Who's Next: Mimi O'Donnell

I guess I have a tendency to work with mostly new plays, which I like because it's all brand-new ideas.

Mimi O'Donnell's path to New York City and a career in costume design was not a direct one. For one thing, she attended fashion school, not costume design school, in her native Philadelphia. But even before that stint — at the Philadelphia College of Textiles and Sciences, now called Philadelphia University — she considered the fields of education and dentistry.

“I spent my freshman year at school in Lancaster, PA, doing secondary ed,” O'Donnell says. “It was something I enjoyed for a time, but then I spent time student-teaching, and I realized I didn't want to do that. So I took a year off and worked in a dentist's office as a hygiene assistant. But that wasn't really what I wanted to do either, so I started taking classes at Philadelphia Textile.”

O'Donnell graduated with a major in fashion and a minor in textile design, then interviewed at a few fashion houses in New York, but she ended up working at the Arden Theatre Co. and Walnut Street Theatre in Philadelphia as an assistant designer or stitcher. “It sort of clarified that this was what I wanted to do, instead of doing fashion,” the designer says of the experience.

After a few years working locally, O'Donnell went to the Williamstown Theatre Festival in Massachusetts in 1993 and worked as a first hand in the costume shop. “That was the first time I was completely surrounded by it, immersed in the whole costume thing,” she says. “I said, ‘This is what I want to do and I want to move to New York.’ It was a crazy, crazy place to work, because you do 10 shows throughout the summer; it's practically like opening a show every week.”

One person O'Donnell met at Williamstown was Playwrights Horizons costume shop manager Therese Bruck, who called her in 94 and offered her a job in the wardrobe department. O'Donnell took the job, and worked on several productions there, such as A.R. Gurney's A Cheever Evening. O'Donnell says one of the best things about the wardrobe job was that it freed her up to work on design projects in the daytime; her first New York costume design project was for a production of Hesh by actor Ethan Hawke's company malaparte.

“After that, I continued to take every job I could,” O'Donnell continues; she hooked up with the LABrynth Theatre Company in 1999, doing the costumes for In Arabia We'd All Be Kings, which was directed by Philip Seymour Hoffman, then worked again with Hoffman on Jesus Hopped the A Train in 2000. O'Donnell also worked with John Patrick Shanley on his new play, Where's My Money? this past June, which is moving to Manhattan Theatre Club in October.

“I guess I have a tendency to work with mostly new plays, which I like because it's all brand-new ideas,” O'Donnell says. She enjoys the rehearsal and tech processes: “I realized that's where my answers are; if I have any doubts about what they're going to wear, I just go sit in rehearsal for a while and it comes to me.”
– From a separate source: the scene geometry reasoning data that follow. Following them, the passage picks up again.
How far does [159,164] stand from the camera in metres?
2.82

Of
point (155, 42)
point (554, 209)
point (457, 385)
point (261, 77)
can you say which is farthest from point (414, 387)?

In addition to her theatre work, O'Donnell has a steady gig as assistant designer to Tom Broecker on Saturday Night Live. She says the SNL schedule leaves her plenty of time to work on theatre projects. “It's 20 weeks out of the year, we have three weeks off at Christmas, and a lot of times we'll have two weeks on, two weeks off,” she says.

“We get the scripts on Wednesday night, then we have three days to get it together,” O'Donnell says of the hectic SNL pace. “You definitely hit the ground running on Thursday morning, and throughout the next couple of days, they're rewriting and recasting, so where it was five people in a sketch, suddenly it's 20.” O'Donnell adds, “When 11:30 comes around and they say, ‘Live from New York,’ there's definitely a buzz in the air.”

While O'Donnell doesn't have one specific mentor in the business, she says she's learned from the various costume designers she's assisted. She says of Martin Pakledinaz, with whom she worked on The Life as third assistant, “Once an actor comes into his fitting room, if his sketch isn't fitting on that body, he's completely willing to toss it out the window and start from scratch, start anew. He may have been the first person I saw do that, and I thought, that works for me.” O'Donnell adds that she's learned a little something from every designer she works with, including Paul Tazewell, Constance Hoffman, and Beth Clancy.

In August, O'Donnell did summer stock, clothing Estelle Parsons and Judd Nelson in a production of The Cocktail Hour at the Cape Playhouse in Cape Cod. Her fall schedule is rapidly filling, too; in addition to Where's My Money? and SNL, she will be working again with Hoffman on Rebecca Gilman's The Glory of Living at Manhattan Class Company. Look for that to open in November, and look for O'Donnell's modern, flexible design there and on a television, live, near you.